Пакет под ROS с поддержкой русской речи на основе оффлайн синтезатора. В центре системы - Speech Dispatcher (обеспечивает унифицированный доступ к различным синтезаторам) + синтезатор RHVoice.

Primary LanguagePythonGNU General Public License v2.0GPL-2.0

Speak out loud

Speak out text from topic

License ros_version_melodic ros_version_noetic

README is available on languages: English, Russian

TESTING scenarios

Cite

Repository

@misc{speak_out_loud,
 author = {Malyshev, Alexander},
 booktitle = {GitHub repository},
 publisher = {GitHub},
 title = {{Speak out loud}},
 url = {https://github.com/asanmalyshev/speak_out_loud},
 year = {2020}
}

Description

speak_out_loud - ROS package to generate speech from text, that supports russian language.

Package is based on voice generator RHVoice and high level audio interface for speech synthesis Speech Dispatcher.

To say text just send it packed into message of SpeakGoal type in topic sol/texts.

Advanced speech control includes:

  • priorities, which allows to proiritize one messages over anothers;
  • whitelist to allow only a few nodes to speak;
  • blacklist to block messages from some nodes;
  • debug mode to provide extra information (if reqired).
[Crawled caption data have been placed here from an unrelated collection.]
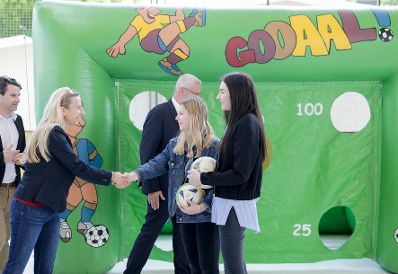 Am 18. Mai 2019 besuchte Bundesministerin Juliane Bogner-Strau&szlig; (l.) das Spielefest des Burgenl&auml;ndischen Familienbund.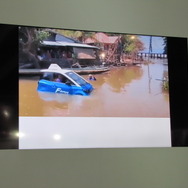 タイで『FOMM One』が水に浮いている映像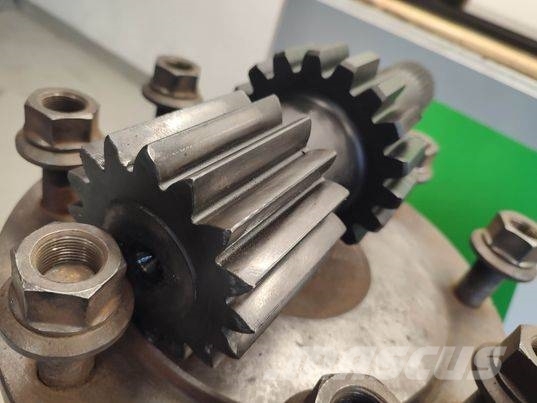 McCormick MTX 175 (235396235397) portal axle Chassis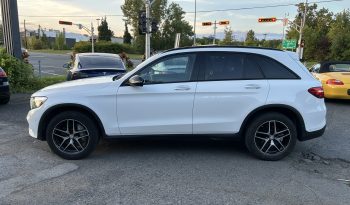 
									Mercedes glc300 full								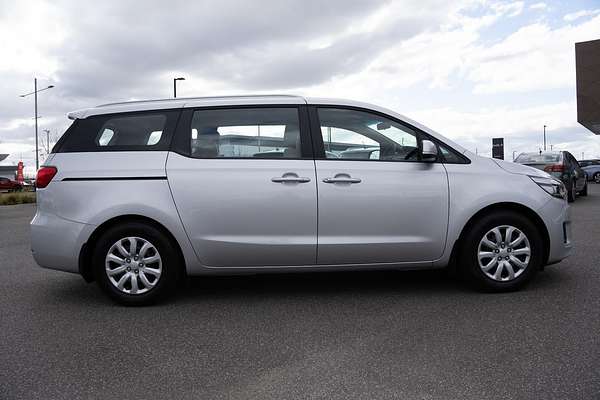 2017 Kia Carnival S YP
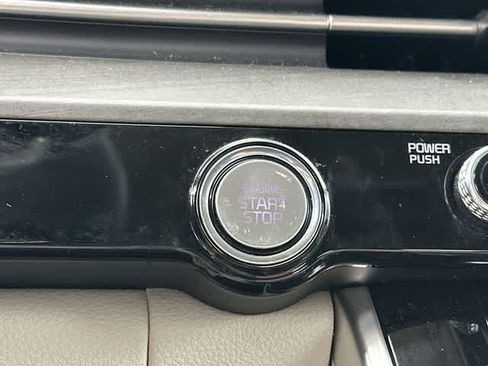 Used 2024 Kia Carnival EX FWD image 10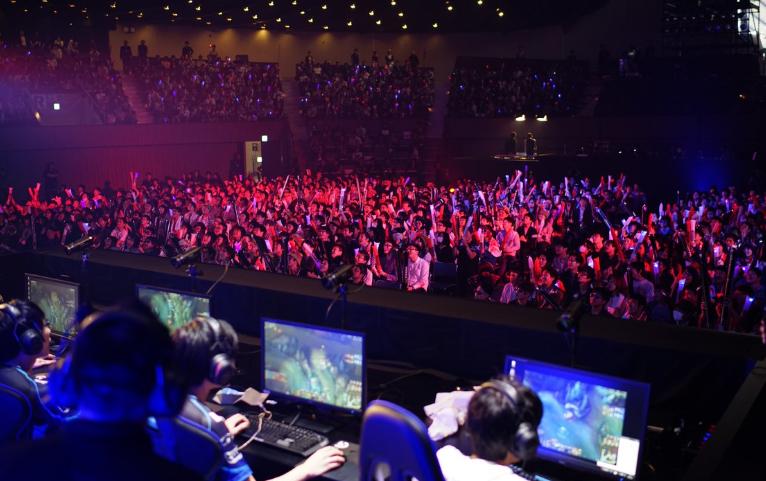 lol日服在线人数,LOL日服赛季结束了吗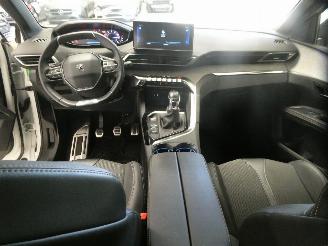 Peugeot 5008 II GT picture 14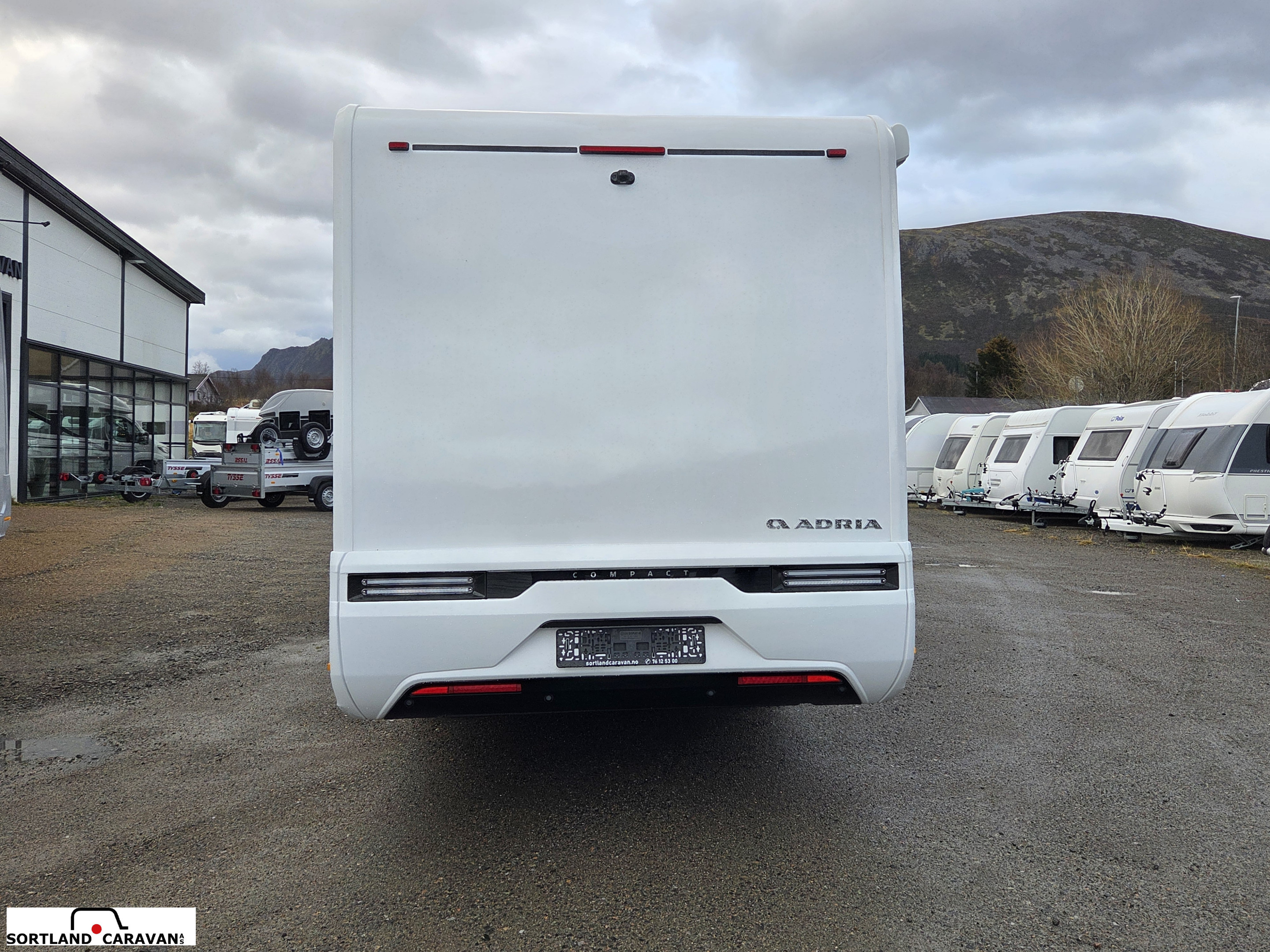 Adria COMPACT SELECT DL - - Adria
Author: Alexander Malyshev
Youtube video with some examples (in Russian): https://youtu.be/uVPauu7p71E

Dependencies

Package depends on RHVoice and Speech Dispatcher (spd). Look for full installation guide and troubleshooting on official sites. Short installation is below.
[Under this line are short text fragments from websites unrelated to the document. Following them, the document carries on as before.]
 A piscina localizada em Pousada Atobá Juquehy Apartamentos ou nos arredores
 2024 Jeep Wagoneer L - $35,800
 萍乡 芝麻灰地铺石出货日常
Short installation guides for Ubuntu

Package tested on Ubuntu 18.04 (ROS Melodic) and Ubuntu 20.04 (ROS Noetic)

Rhvoice

sudo add-apt-repository ppa:linvinus/rhvoice
sudo apt-get update
sudo apt-get install rhvoice rhvoice-english rhvoice-russian 

Add another language installing package rhvoice-language_name. See all available ones using tab completion.

Speech dispatcher

sudo apt install speech-dispatcher speech-dispatcher-rhvoice speech-dispatcher-audio-plugins libspeechd-dev python3-speechd

Package speak_out_loud

  • clone repo in your catkin workspace:
cd ~/catkin_ws/src #change [catkin_ws] on your own ws name
git clone https://github.com/asanmalyshev/speak_out_loud
  • build package with catin_make or catkin_tools:
catkin_make 

or

catkin build speak_out_loud

Launching

roslaunch speak_out_loud speak_out_loud.launch

Some parameters are available to configure launch.

Parameters

Param Description Values Default
output direct logs output screen/log screen
default_voice default voice some voices: elena/aleksndr elena
whitelist whitelist of nodes to be spoken list of values [ ]
blacklist blacklist of nodes not to be spoken list of values [ ]
debug use debug mode True/False False
use_action_interface use action interface True/False False

Full list of available voices might be found here.

Russian voices work well with english too. Using them also let you mixing russian and english words.

Users may define whitelist/blacklist of nodes to work with. See more in section.

Sound trouble

Sometimes glitches, skips or crackling appears. To get rid of them, some changes in pulseaudio setup must be done.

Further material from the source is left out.